Among all estimators that are (1) linear functions of the observed data y and (2) unbiased for the true parameter β, the OLS estimator has the smallest variance. More precisely, for any linear unbiased estimator β̃ = Cy, the difference Var(β̃) - Var(β̂) is a positive semidefinite matrix.

Required assumptions

The theorem holds under the following conditions:

Assumption	Mathematical statement	Meaning
Linearity	y = Xβ + ε	The true model is linear in parameters
Strict exogeneity	E[ε \| X] = 0	Errors have zero conditional mean given regressors
Homoscedasticity	Var(εᵢ) = σ² for all i	All error terms have the same constant variance
No autocorrelation	Cov(εᵢ, εⱼ) = 0 for i ≠ j	Error terms are uncorrelated with each other
Full rank	rank(X) = p	No perfect multicollinearity; XᵀX is invertible

Notably, the Gauss-Markov theorem does not require the errors to be normally distributed. It only requires them to be uncorrelated with zero mean and constant variance.

Proof sketch

Consider any alternative linear unbiased estimator β̃ = Cy where C = (XᵀX)⁻¹Xᵀ + D for some matrix D. Unbiasedness requires DX = 0. The variance of β̃ is:

Var(β̃) = σ²CCᵀ = σ²[(XᵀX)⁻¹ + DDᵀ]

Since DDᵀ is positive semidefinite, Var(β̃) - Var(β̂) = σ²DDᵀ is also positive semidefinite. Therefore OLS has the smallest variance among all linear unbiased estimators.

Implications

The Gauss-Markov theorem guarantees that OLS is optimal within the class of linear unbiased estimators. However, it does not say OLS is the best estimator overall. Biased estimators such as ridge regression can achieve lower mean squared error through the bias-variance tradeoff, accepting a small amount of bias in exchange for a large reduction in variance.

Assumptions of OLS

OLS relies on several assumptions for its estimators to have desirable properties. Violations of these assumptions affect the reliability of inferences drawn from the model.

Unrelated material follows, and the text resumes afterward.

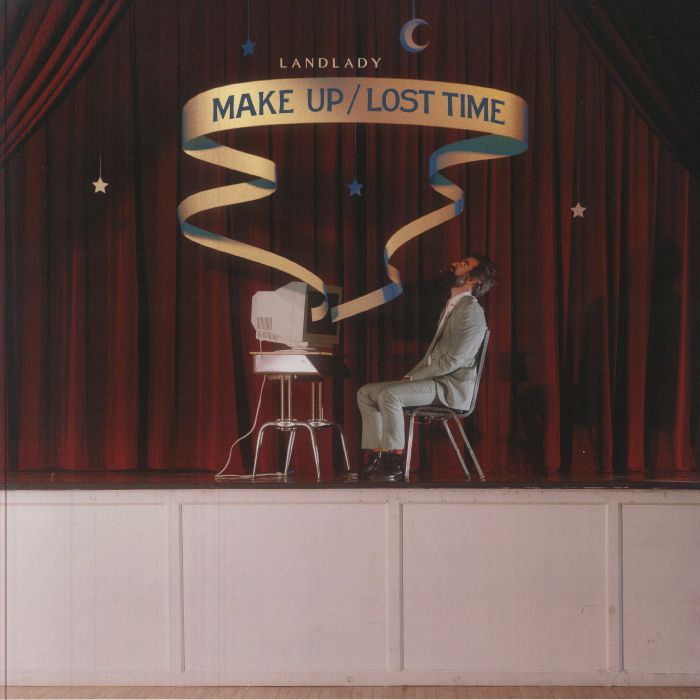 Make Up / Lost Time - Vinyl LP vinyl record cover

1. Linearity in parameters

The relationship between the dependent variable and the parameters must be linear. This does not require the relationship between the predictors and the response to be linear in the raw variables; transformations such as polynomial terms, logarithms, or interaction terms are permitted because the model remains linear in the parameters.

2. Random sampling

The observations are drawn randomly from the population. This ensures that the sample is representative and supports the statistical properties of the estimators.

3. No perfect multicollinearity

No predictor variable can be written as an exact linear combination of other predictors. Perfect multicollinearity makes XᵀX singular and prevents a unique OLS solution. Near-multicollinearity (high but imperfect correlation among predictors) does not prevent estimation but inflates the standard errors of the affected coefficients, reducing the precision of estimates. The Variance Inflation Factor (VIF) is commonly used to detect multicollinearity; VIF values above 10 are generally considered problematic.

4. Exogeneity (zero conditional mean)

The expected value of the error term, conditional on the predictors, must be zero: E[ε | X] = 0. This means the predictors must not be correlated with the error term. Violations (endogeneity) can arise from omitted variable bias, simultaneous causation, or measurement error in the predictors. Endogeneity causes the OLS estimator to be biased and inconsistent.

5. Homoscedasticity

The variance of the error term must be constant across all observations: Var(εᵢ | X) = σ² for all i. When this assumption is violated (heteroscedasticity), the OLS estimator remains unbiased but is no longer efficient, and the usual standard errors are biased. This can lead to incorrect hypothesis tests and confidence intervals.

6. No autocorrelation

The error terms must be uncorrelated with each other: Cov(εᵢ, εⱼ) = 0 for i ≠ j. This assumption is especially relevant in time series data, where consecutive observations may exhibit serial correlation. Violations of this assumption cause OLS to be inefficient and produce biased standard errors.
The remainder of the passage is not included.